Sesenta y cinco años son pocos para morirse, pero a Javier Ballarín (en realidad, José Javier, aunque con Chavi como nom de guerre) le cundieron mucho. Es la hora del llanto y también del aplauso.
Suele decirse que un jurista, para serlo de cuerpo completo, se tiene que desplegar en tres dimensiones, la función pública (las oposiciones son una especie de certificado de capacidad intelectual, que vale mucho más que el simple título de acceso a un oficio), la investigación y el ejercicio práctico. Así las cosas, nuestro homenajeado no dejó ninguno de los tres palos sin tocar.
Fue Letrado de las Cortes Generales desde 1981 y tuvo destinos de primer orden en la Administración parlamentaria. El último de ellos, nada menos que ser el encargado de la Oficina de Conflictos de Intereses de Sus Señorías.
Investigó con profundidad el régimen constitucional (empezando por el poder judicial en los años 1982-84, con una Beca de la Fundación Juan March) y también la historia de las ideas.
Y, en fin, fue un Abogado relevante. De la clase de los artesanales, por así decir: los que tienen muchos clientes personas físicas o grupos familiares.
Pero si a Ballarín le conviene la calificación de jurista (y de los buenos), también es cierto que no le basta. Se le queda muy corta, sí, porque los secos datos que se han expuesto pueden predicarse también de otras personas, siendo así que nuestro querido Chavi tenía mucho de singular e incluso de infungible (para bien), empezando por las estirpes de las que descendía.
Su padre, Alberto, era aragonés. Más aún, de Huesca, o sea, del Alto Aragón, tierra fértil por cierto en grandes juristas: Alejandro Oliván, Joaquín Costa y Luis Jordana de Pozas son sólo unos pocos entre muchos.
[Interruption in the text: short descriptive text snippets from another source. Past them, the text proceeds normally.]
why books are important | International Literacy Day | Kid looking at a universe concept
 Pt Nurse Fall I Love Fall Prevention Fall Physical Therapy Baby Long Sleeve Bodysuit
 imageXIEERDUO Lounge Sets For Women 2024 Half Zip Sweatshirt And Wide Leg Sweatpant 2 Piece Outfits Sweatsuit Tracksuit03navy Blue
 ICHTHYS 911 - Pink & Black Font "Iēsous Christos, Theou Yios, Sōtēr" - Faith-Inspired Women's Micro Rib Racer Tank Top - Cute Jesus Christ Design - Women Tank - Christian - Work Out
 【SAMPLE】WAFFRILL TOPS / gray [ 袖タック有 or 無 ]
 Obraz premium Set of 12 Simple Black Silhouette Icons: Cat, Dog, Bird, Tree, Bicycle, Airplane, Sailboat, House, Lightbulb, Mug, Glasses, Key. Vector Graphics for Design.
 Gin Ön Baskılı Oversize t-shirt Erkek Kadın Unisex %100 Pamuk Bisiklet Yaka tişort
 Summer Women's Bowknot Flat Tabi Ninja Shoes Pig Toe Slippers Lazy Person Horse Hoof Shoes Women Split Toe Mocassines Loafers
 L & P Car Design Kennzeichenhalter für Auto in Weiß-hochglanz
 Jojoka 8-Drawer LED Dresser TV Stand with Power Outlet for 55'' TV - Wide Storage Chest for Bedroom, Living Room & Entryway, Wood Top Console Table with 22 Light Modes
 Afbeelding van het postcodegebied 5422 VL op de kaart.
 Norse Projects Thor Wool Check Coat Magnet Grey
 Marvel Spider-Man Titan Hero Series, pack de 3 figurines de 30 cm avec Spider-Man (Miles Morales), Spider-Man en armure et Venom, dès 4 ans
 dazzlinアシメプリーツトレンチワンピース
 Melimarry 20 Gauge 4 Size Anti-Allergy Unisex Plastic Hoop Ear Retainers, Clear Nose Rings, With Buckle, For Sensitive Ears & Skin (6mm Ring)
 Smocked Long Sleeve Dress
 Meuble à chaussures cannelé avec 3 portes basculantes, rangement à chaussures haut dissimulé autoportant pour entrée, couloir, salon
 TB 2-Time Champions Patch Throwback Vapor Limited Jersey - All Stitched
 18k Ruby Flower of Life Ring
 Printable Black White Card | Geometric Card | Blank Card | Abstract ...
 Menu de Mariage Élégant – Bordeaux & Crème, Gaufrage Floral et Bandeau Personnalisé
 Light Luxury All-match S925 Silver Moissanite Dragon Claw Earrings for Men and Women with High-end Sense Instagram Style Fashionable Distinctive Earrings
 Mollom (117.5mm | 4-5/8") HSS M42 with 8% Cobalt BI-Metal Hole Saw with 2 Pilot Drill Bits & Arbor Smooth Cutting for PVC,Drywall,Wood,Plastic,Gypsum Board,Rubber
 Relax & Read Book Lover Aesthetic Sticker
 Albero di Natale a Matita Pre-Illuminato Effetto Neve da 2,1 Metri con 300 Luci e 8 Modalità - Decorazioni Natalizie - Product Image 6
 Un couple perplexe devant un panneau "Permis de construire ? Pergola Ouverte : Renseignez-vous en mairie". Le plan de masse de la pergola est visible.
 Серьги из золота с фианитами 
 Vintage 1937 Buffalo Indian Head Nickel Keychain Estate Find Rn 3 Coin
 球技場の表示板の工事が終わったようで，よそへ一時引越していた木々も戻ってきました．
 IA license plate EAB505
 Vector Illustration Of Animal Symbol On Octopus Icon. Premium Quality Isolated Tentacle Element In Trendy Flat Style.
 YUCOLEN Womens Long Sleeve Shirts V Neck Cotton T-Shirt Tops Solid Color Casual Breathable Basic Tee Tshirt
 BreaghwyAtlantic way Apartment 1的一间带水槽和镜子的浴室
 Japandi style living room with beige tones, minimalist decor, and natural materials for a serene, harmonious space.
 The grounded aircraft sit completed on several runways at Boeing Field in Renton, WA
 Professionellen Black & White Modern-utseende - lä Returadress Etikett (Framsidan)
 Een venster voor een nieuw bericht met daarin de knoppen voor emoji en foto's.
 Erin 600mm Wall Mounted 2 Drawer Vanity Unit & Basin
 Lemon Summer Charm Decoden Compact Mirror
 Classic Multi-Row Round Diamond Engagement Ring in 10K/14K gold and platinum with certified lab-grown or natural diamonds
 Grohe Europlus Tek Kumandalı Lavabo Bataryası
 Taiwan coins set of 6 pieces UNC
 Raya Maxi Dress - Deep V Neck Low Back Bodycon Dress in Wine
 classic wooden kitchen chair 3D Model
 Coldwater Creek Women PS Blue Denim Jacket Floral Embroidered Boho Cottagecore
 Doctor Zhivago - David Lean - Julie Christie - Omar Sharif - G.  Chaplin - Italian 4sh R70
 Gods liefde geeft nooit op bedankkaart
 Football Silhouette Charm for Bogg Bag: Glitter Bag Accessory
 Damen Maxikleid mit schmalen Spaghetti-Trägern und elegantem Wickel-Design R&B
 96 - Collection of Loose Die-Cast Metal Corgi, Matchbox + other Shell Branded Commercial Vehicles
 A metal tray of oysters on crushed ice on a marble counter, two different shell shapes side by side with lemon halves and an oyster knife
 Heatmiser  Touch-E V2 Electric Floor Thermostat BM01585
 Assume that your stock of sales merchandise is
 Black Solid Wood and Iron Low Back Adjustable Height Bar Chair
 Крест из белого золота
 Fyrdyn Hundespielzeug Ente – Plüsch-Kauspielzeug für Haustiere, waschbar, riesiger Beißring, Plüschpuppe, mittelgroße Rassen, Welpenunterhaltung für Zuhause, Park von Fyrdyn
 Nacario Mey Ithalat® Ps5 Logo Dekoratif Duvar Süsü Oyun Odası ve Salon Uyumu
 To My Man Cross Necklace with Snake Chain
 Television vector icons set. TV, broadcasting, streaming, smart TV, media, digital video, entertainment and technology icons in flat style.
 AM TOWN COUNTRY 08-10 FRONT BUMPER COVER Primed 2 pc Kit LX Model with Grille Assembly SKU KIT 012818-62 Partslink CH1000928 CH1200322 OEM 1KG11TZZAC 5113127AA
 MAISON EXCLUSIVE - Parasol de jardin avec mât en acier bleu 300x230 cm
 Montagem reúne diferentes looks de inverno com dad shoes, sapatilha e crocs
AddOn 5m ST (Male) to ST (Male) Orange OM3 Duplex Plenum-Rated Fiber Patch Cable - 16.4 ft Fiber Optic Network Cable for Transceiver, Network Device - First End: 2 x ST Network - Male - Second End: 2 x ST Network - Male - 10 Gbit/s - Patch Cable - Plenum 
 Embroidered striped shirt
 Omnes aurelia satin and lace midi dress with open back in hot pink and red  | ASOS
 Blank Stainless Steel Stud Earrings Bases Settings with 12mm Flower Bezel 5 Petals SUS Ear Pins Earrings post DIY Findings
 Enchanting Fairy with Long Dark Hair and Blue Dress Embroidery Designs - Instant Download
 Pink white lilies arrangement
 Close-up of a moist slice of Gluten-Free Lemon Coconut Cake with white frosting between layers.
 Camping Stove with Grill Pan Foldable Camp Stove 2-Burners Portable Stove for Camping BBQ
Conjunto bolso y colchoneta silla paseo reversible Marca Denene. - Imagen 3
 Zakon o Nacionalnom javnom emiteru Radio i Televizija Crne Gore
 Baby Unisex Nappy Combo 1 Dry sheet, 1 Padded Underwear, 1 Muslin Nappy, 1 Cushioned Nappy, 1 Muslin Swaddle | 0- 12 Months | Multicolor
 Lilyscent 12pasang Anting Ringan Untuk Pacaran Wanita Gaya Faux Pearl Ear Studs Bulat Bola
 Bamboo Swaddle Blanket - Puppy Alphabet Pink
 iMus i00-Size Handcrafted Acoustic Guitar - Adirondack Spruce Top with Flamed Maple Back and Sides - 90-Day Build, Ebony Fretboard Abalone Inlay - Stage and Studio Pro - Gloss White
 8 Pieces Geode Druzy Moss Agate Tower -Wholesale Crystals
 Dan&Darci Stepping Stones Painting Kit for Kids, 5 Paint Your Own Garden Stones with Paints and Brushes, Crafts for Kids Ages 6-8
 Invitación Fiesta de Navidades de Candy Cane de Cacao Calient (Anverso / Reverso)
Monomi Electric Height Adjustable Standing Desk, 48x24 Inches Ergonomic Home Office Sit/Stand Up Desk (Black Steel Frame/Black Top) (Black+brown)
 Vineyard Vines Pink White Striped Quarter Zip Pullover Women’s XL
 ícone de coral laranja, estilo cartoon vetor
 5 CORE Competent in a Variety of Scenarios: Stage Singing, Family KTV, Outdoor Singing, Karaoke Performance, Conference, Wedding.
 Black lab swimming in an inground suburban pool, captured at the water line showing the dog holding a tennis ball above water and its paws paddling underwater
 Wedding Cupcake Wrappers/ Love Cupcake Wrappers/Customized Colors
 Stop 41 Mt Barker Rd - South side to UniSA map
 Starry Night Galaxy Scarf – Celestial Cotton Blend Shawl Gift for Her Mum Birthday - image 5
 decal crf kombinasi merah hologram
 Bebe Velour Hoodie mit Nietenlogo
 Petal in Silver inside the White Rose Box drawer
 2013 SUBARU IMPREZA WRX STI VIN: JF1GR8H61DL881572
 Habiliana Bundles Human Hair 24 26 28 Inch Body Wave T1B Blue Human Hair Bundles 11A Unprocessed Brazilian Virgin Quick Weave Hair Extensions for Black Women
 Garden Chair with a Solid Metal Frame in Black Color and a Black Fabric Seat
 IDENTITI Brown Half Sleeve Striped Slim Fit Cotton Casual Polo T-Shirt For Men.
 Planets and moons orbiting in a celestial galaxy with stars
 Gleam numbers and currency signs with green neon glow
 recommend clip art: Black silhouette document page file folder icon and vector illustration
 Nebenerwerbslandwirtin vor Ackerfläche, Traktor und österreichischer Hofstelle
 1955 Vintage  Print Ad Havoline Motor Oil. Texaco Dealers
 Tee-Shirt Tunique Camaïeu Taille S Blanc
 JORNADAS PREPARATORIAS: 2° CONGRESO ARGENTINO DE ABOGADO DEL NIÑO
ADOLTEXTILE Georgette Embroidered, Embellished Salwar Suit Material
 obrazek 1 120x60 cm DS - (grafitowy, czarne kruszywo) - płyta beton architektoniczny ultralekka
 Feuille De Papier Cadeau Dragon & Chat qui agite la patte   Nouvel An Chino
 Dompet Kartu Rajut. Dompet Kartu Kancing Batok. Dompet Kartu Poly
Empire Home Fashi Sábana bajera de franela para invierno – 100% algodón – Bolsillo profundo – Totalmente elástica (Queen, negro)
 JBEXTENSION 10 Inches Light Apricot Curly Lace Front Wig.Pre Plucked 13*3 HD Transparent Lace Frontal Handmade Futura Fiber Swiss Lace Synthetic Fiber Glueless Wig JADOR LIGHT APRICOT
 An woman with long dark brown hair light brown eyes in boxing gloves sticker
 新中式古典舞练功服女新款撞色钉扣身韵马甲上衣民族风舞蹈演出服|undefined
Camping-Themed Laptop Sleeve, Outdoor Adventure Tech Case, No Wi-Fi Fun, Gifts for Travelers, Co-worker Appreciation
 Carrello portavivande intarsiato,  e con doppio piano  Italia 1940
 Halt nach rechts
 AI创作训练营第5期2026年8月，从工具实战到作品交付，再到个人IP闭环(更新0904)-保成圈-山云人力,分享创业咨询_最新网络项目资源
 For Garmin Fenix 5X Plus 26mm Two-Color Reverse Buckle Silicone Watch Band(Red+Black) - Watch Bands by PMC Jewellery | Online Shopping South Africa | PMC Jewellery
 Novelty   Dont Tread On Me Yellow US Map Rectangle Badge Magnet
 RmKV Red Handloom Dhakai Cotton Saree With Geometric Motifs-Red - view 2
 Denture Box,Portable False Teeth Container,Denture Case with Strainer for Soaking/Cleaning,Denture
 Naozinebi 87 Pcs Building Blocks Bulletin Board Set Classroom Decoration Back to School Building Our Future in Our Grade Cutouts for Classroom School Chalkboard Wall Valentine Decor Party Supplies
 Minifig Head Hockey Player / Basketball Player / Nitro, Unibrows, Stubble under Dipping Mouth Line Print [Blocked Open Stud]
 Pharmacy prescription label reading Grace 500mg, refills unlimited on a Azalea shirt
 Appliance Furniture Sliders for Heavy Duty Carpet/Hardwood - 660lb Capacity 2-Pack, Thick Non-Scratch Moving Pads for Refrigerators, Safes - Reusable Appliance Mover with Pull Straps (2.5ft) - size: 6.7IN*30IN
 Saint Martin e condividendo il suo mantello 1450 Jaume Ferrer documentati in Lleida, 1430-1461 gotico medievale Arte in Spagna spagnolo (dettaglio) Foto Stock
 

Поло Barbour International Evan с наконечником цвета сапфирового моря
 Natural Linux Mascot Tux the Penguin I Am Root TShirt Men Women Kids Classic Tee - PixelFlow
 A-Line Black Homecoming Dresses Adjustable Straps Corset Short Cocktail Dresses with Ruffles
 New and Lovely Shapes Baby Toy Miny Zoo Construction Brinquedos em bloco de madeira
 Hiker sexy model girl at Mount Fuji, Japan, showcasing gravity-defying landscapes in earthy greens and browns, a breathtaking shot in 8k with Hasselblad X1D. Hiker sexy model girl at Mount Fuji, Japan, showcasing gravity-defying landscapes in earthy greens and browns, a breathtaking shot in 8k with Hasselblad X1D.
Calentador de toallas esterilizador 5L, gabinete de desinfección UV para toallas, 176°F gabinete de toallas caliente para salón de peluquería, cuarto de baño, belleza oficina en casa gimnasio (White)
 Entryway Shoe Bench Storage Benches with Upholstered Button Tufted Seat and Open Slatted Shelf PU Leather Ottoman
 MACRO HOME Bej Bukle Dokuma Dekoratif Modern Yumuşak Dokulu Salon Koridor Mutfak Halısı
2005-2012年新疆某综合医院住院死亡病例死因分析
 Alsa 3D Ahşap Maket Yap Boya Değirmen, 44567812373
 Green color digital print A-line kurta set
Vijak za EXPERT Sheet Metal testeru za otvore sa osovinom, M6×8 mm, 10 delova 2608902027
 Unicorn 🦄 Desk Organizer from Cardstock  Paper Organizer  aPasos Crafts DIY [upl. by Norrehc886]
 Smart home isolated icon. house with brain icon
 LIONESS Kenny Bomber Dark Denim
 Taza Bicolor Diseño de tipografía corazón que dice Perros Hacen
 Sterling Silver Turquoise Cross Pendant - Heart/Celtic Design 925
Alberto, creador del Derecho agrario en España, los superaba a todos ellos desde muchas perspectivas, empezando por su carácter expansivo e irresistible.
Pero no cabe olvidarse de su madre, Juana Iribarren, verdadera artífice de la preciosa colección de arte de la familia. Venía de por allí cerca, el norte de Navarra.
En definitiva, Chavi era, por los dos linajes, una criatura del Pirineo, de lo cual él se sentía (y con razón) muy orgulloso, porque observaba el cuarto mandamiento con rigor. Pero en el fondo no se identificaba con la gente de aquellas tierras porque su espíritu era de Italia, la sede de la sutileza y la fineza. El matrimonio con Vittoria estaba poco menos que cantado y en cierto sentido no hizo sino ponerle el sello a una vocación -una querencia- que venía desde el inicio. Nuestro amigo se mostraba con frecuencia irónico (sin caer en el sarcasmo) porque lo suyo era la estética y, por tanto, la medida. Era un gusto conversar con él en esta España del esparto, cada vez más seca.
Compañeros de su promoción de las Cortes como Iñigo Méndez de Vigo o Benigno Pendás han glosado su rica personalidad -falleció el sábado 11- en unos términos muy sentidos. También lo ha hecho su amigo más antiguo, José María Robles Fraga. A mí me queda poco espacio para la novedad y por eso me limito a subrayar ese aspecto: la geografía es aleatoria (o incluso mentirosa) y sucede que entre nosotros también se emboscan italianos, aunque se encuentren agazapados y haga falta una lupa para localizarlos. Son pocos y a Chavi lo vamos a echar mucho en falta. Deja una estela (como lo hicieron sus padres, Alberto y Juana) literalmente imborrable.
Antonio Jiménez-Blanco Carrillo de Albornoz.